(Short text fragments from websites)

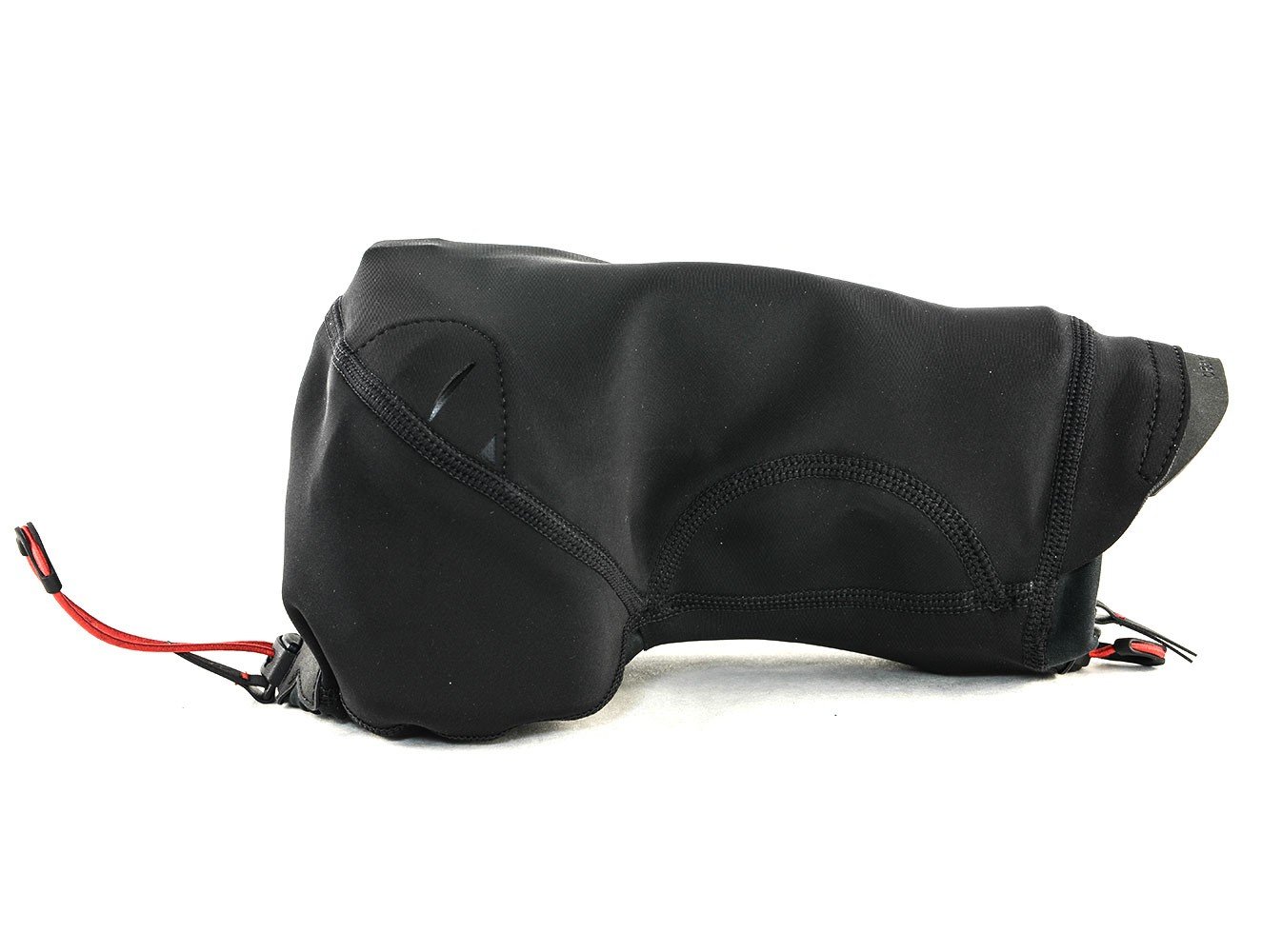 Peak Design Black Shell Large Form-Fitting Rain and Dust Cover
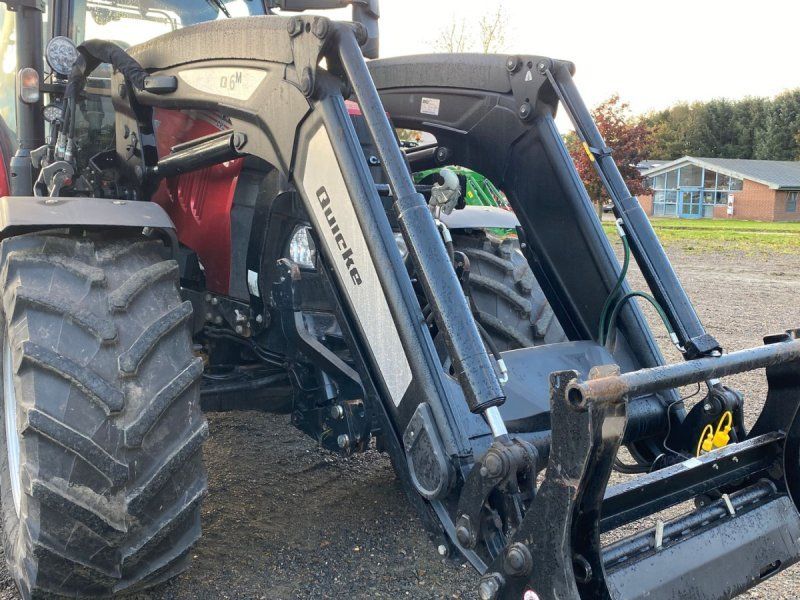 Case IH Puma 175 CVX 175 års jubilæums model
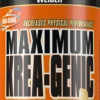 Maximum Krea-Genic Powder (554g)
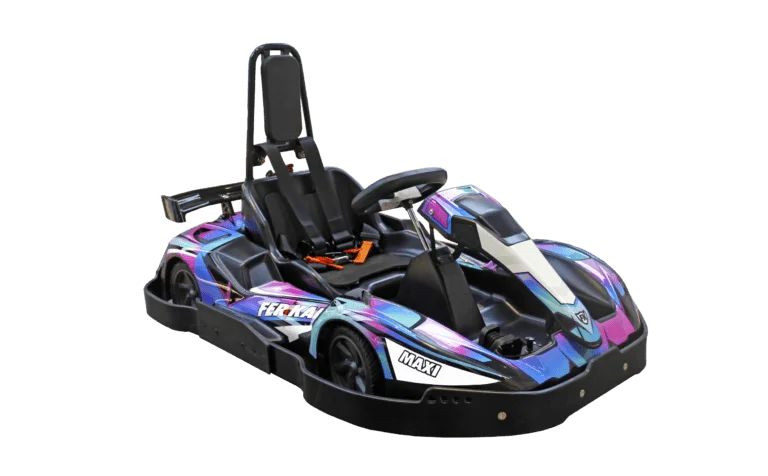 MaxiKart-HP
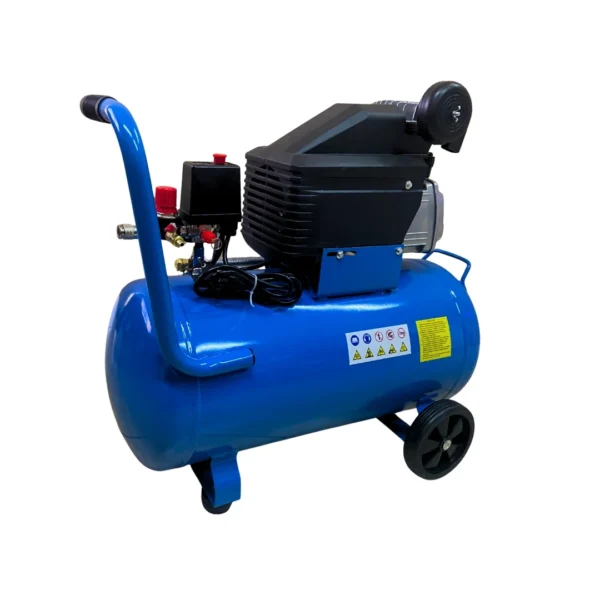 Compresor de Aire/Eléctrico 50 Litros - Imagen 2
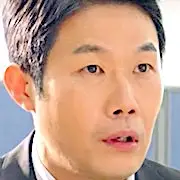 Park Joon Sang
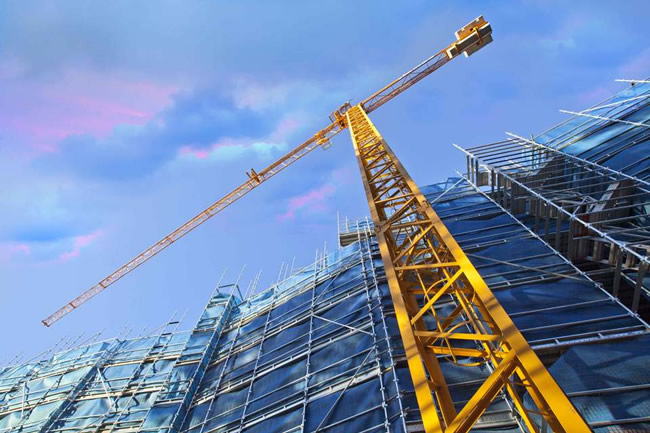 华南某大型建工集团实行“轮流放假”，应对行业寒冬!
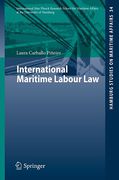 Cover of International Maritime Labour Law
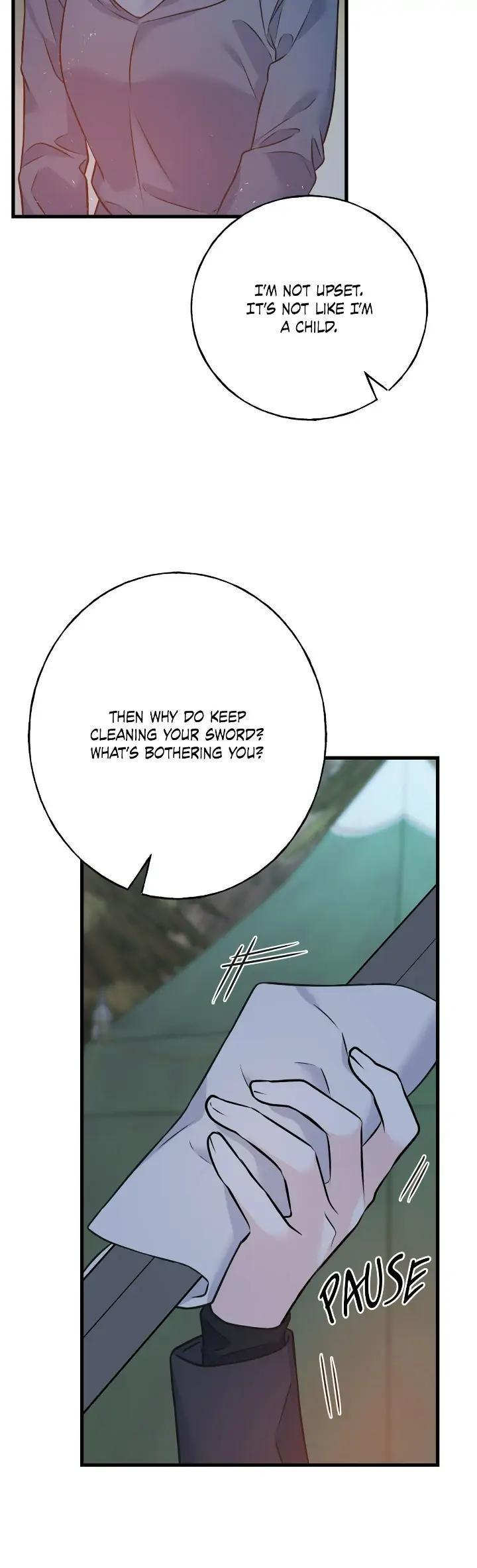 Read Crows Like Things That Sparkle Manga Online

**Work instruction**. Omitting the images, transcribe every record exactly.

**Response area**.
 Peak Design Black Shell Large Form-Fitting Rain and Dust Cover
 Case IH Puma 175 CVX 175 års jubilæums model
 Maximum Krea-Genic Powder (554g)
 MaxiKart-HP
 Compresor de Aire/Eléctrico 50 Litros - Imagen 2
 Park Joon Sang
 华南某大型建工集团实行“轮流放假”，应对行业寒冬!
 Cover of International Maritime Labour Law
 Read Crows Like Things That Sparkle Manga Online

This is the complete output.